Warten aufs Baby
In jungen Jahren hat mich mein Lehrer genötigt, etwas für meine Allgemeinbildung zu tun. Er hielt es für eine sehr gute Idee, mich zwecks dessen Samuel Beckett’s Buch „Warten auf Godot“ lesen zu lesen. Für die, die dieses Theaterstück nicht gelesen haben: es geht darin um zwei Männer, die irgendwo stehen und auf Godot, den sie nicht einmal kennen, warten. Irgendwann später habe ich eine Kritik dazu gelesen: „Nichts passierte. Zwei Stunden lang. Und dann passierte es schon wieder nicht.“
Selten habe ich eine informativere Kritik gelesen – selbst, wenn Sie Warten auf Godot nie gelesen haben, kennen Sie bereits jetzt die gesamte Handlung, in allen Details.
An genau dieses Stück fühlte ich mich doch bei unserem ersten Kind stark erinnert. Obwohl Joshua sich in der Schwangerschaft sehr vorhersehbar entwickelt hatte, wollte er partout nicht dann erscheinen, wann er erwartet wurde. Die ersten Tage über den Termin hinaus verstrichen – und nichts tat sich. Wann immer ich meine Mutter anrufen wollte, begrüsste sich mich kaum sondern japste mehr ins Telefon „Und? Ist alles gut gegangen?“ – hah, als ob da schon was passiert wäre. Auch im Freundeskreis wurde mir stets die gleiche Frage gestellt. Und jedes Mal musste ich bedauernd mitteilen, dass das Baby noch nicht da sei und ja, ich auch langsam froh wäre.
Im Gegensatz zu den auf Godot Wartenden kam ich immerhin in den Genuss von viel Bewegung. Irgendwo hatte ich gehört, dass das helfen könnte. Also habe ich das gesamte Haus geräumt und geputzt – und meinen arbeitenden Mann jeweils abends damit gestresst, dass er nun noch dieses und jenes nur rasch wegräumen musste. Unser Rasen war später nie mehr so proper gemäht wie zu dieser Zeit – ich habe ihn mit dem Handmäher sogar doppelt gestutzt. Und Treppen bin ich in den darauf folgenden Jahren nicht mehr so viele gestiegen wie in einer Woche. Meine Ungeduld nahm zu, mein Bauchumfang nicht mehr und die Nerven aller in meiner Umgebung wurden dünner und dünner.
Bis es dann endlich so weit war und mir starke Krämpfe verrieten, dass nun der Moment da war und „Godot““ nun wohl kommen würde.

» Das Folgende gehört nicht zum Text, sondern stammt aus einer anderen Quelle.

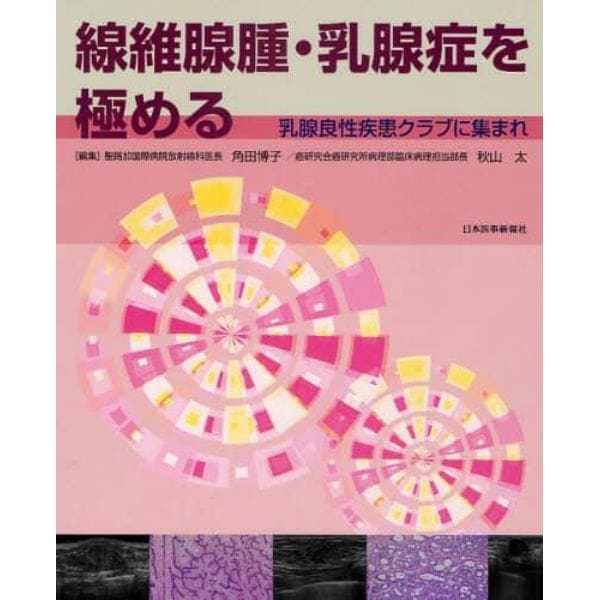 線維腺腫・乳腺症を極める　乳腺良性疾患クラブに集まれ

Im Spital angekommen legten sich die Krämpfe aber wieder etwas und es schien, als würde sich die Ankunft doch noch recht verzögern. Dann aber flammten die Wehen wieder auf und hielten nun die nächsten Stunden an. Jede Wehe schien endlos und ich sehnte mich bereits jetzt wieder danach zurück, einfach zu warten. Gnadenlos überwachte die Hebamme aber meinen Zustand und registrierte Zentimeterbewegungen haargenau. Es schien, als wollte Joshua es sich nun doch zuerst mal überlegen, ob er denn wirklich auf diese Bühne wollte. Nach langsamem Denken schien er sich entschieden zu haben und streckte dann irgendwann auch seinen Kopf hervor. Um dann aber doch wieder nichts mehr zu tun. Als der Minimalist, zu dem er später heranwuchs, dachte er wohl, das reiche so auch. Nichts ging mehr und dank recht langer Wehen fehlte es mir an der Kraft, dem kleinen Kerl irgendwie zu helfen. Nach einigen vergeblichen Versuchen blieb nur noch die Möglichkeit, eine Saugglocke anzusetzen und das Baby nun so zur Welt zu bringen.

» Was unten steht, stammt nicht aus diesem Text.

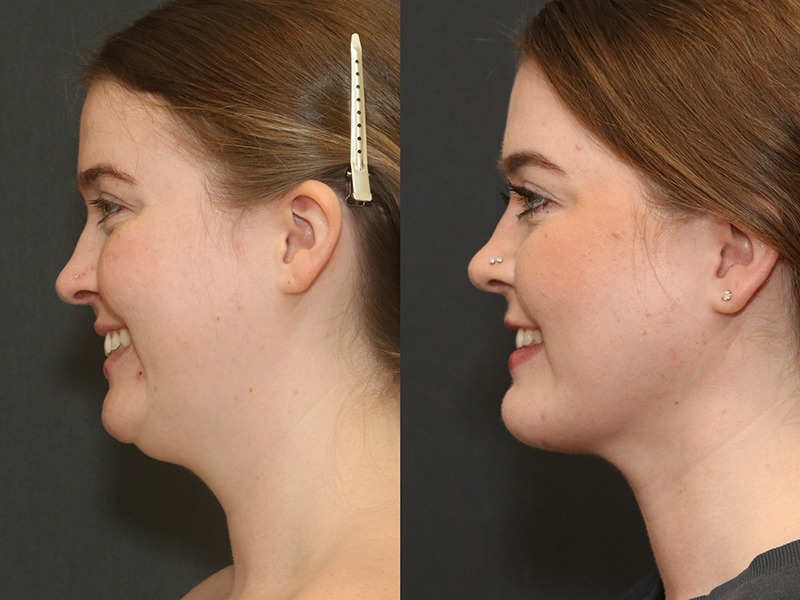 Deep Necklift Before & After Image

Und jetzt, da ich dieses kleine Leben sah, fühlte ich mich noch einmal kurz erinnert an das Theaterstück. Denn genau so faltig und zerknittert hatte ich persönlich mir Godot vorgestellt, wenn er dann kommen würde. Ein alter Mann, sonst hätte er sich ja nicht so viel Zeit lassen müssen. Weise und sehr beschäftigt.
Doch schon der erste Schrei holte mich ins Leben zurück und ich wusste, dass ich nun den grossen Unterschied gefunden hatte: mein Warten wurde belohnt und ich fand mich nicht auf der Bühne, sondern mitten im Leben. Obwohl später noch so einige theaterreife Szenen von und mit Joshua gespielt werden sollten.